Over the years we have reviewed a large number of outsourcing contracts and have typically found that suppliers are very good at managing service level data, pushing in-scope items back onto the customer and linking deliverables such that they never get delivered.

What used to be built into first generation outsourcing deals are now done as projects. The problem is that the incumbent supplier has an an advantage, especially when the documentation is not up to date and other sources of data e.g. CMDB are not fully or correctly populated.

Another approach is for the supplier to persuade the customer that the contract does not cover the full scope of the contractual deliverable, and, so the only way it can be done is for the customer to approve a change request for the “out of scope” items.

Common approaches:

  • Quality – don’t deliver to the service level agreements
  • Manage service level agreement data
  • Link projects together so that they can be delayed and made more complex
  • If required to keep within one generation of technology, suggest that the risk is too great
  • Use pooled, offshore resources to provide the services
  • Dispute contract boundaries to exclude portions of the services

For items like Software Asset Management, the work may have been outsourced to keep within the licensing obligations, but all the risk lies with the customer.
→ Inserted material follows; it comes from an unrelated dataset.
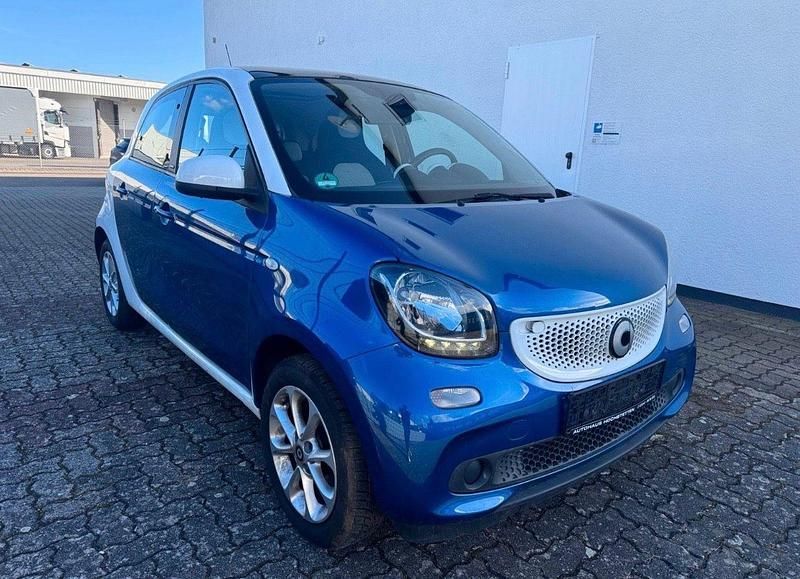 Second-hand Smart ForFour 71 CP (52 kW) 2015 Albastru Hatchback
This results in the customer having a hefty oversight team, or, doing the work themselves.

How does it work?

The contract is the source of truth in an outsourcing agreement. There was a view that it was proper to negotiate a comprehensive contract and, once signed, leave it in the bottom drawer until needed.

LODESTAR believes a lot of time, effort and expense, from both parties, went into that contract and as such, should be the principal document that underpins all discussions regarding deliverables, timeliness and quality. There will be errors in contracts and new technologies will require the contract to be updated.

As part of the governance processes, each party should bring recommended changes to the monthly operational meetings to better clarify scope and responsibilities. Once agreed, these become contract amendments.

LODESTAR works with the customer to review the contract and reviews supplier reports, interviews stakeholders and assesses the difference between the contract deliverables and what is actually being delivered.

The gap for each item is costed based on tools, benchmark date, etc.

Once reviewed and agreed with the customer, LODESTAR engages with the supplier and presents the report provided to the customers. At that point, the data that formed the report is reviewed and discussions with the supplier start to take place. If required by the customer , LODESTAR will undertake negotiations to amend the contract to include disputed areas, or lower the price.

LODESTAR, if requested, will deliver a Contract Management class to the customer (and supplier) on the contract deliverables, quality, timeliness and areas that still need boundaries to be very clearly defined. As an example, does the wiring contractor plug the cable into the device or is that another supplier’s scope?